The liturgy of the Old Testament people was the official worship in the temple of Jerusalem according to the Mosaic Law, as well as the annual feasts and fasts and the private prayers and services held by the Israelites at home or in the synagogues. Synagogues by definition are houses of gathering; they are not temples since, according to the Law, there was just the one temple in Jerusalem where the priestly worship was conducted. In the synagogues the Israelites gathered for prayer and scriptural study, preaching, and contemplation of the Word of God.

In the New Testament Church the liturgy is centered in the person of Christ and is primarily a “christening” of the Old Testament liturgical life. The Christian Church retains the liturgical life of the Old Testament in a new and eternal perspective. Thus, the prayers of the Old Testament, the scriptures and the psalms, are read and sung in the light of Christ. The sacrifice of the Body and Blood of Christ replaces the Old Testament sacrifices in the temple. And the Lord’s Day, Sunday, replaces the old Jewish sabbath which is Saturday.

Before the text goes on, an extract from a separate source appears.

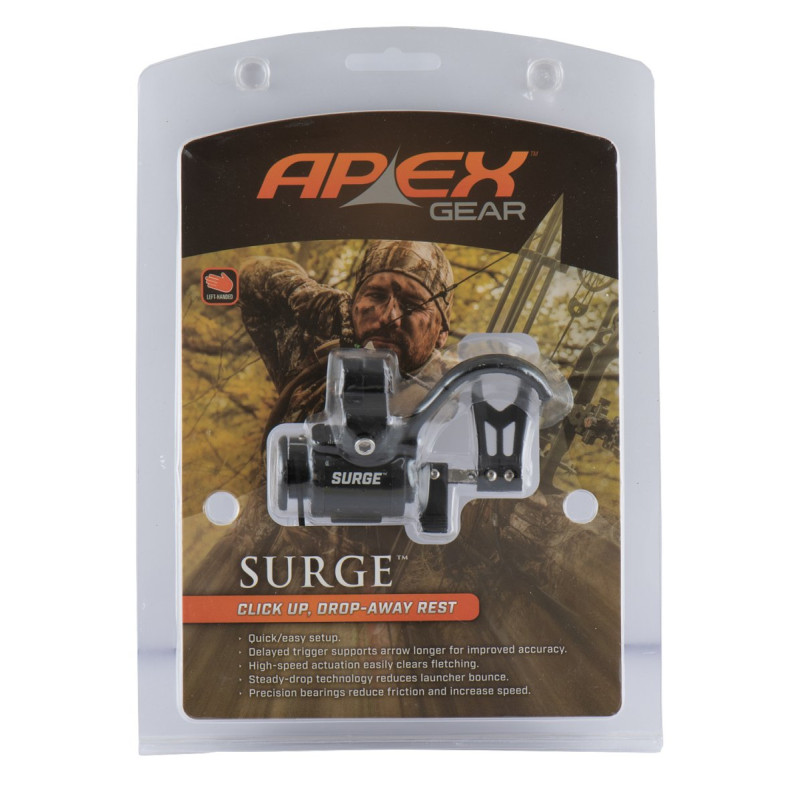 APEX GEAR SURGE CLICK UP REST RH BLACK COMPOUND DROP AWAY REST
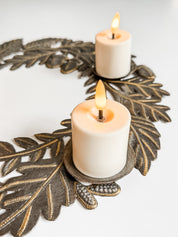 Autumn Candle Oil Drum Wreath - FMSCMarketplace.org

The Jewish feasts also take on new meaning in the Christian Church, with the central feast of Passover, for example, becoming the celebration of Christ’s death and resurrection; and the feast of Pentecost becoming the celebration of the coming of the Holy Spirit, which fulfills the Old Testamental Law. The Christian liturgical year is also patterned after the Old Testamental prototype.

From the basic foundation of the Old Testament liturgy, the Church developed its own sacramental life with baptism in the name of the Holy Trinity, chrismation, holy communion, marriage, repentance, healing, and the Churchly ministry and priesthood taking on specifically Christian forms and meaning. In addition, a great wealth of specifically Christian prayers, hymns, and blessings were developed, together with specifically Christian feasts and celebrations in remembrance of New Testamental events and saints.

The living experience of the Christian sacramental and liturgical life is a primary source of Christian doctrine. In the liturgy of the Church, the Bible and the Holy Tradition come alive and are given to the living experience of the Christian people. Thus, through prayer and sacramental worship, men are “taught by God” as it was predicted for the messianic age (Jn 6.45).

In addition to the living experience of the liturgy, the texts of the services and sacraments provide a written source of doctrine in that they may be studied and contemplated by one who desires an understanding of Christian teachings. According to the common opinion of the Orthodox Church, the sacramental and liturgical texts—the hymns, blessings, prayers, symbols, and rituals—contain no formal errors or deformations of the Christian faith and can be trusted absolutely to reveal the genuine doctrine of the Orthodox Church. It may well be that some of the historical information contained in church feasts is inaccurate or merely symbolical, but there is no question in the Church that the doctrinal and spiritual meaning of all of the feasts is genuine and authentic and provides true experience and knowledge of God.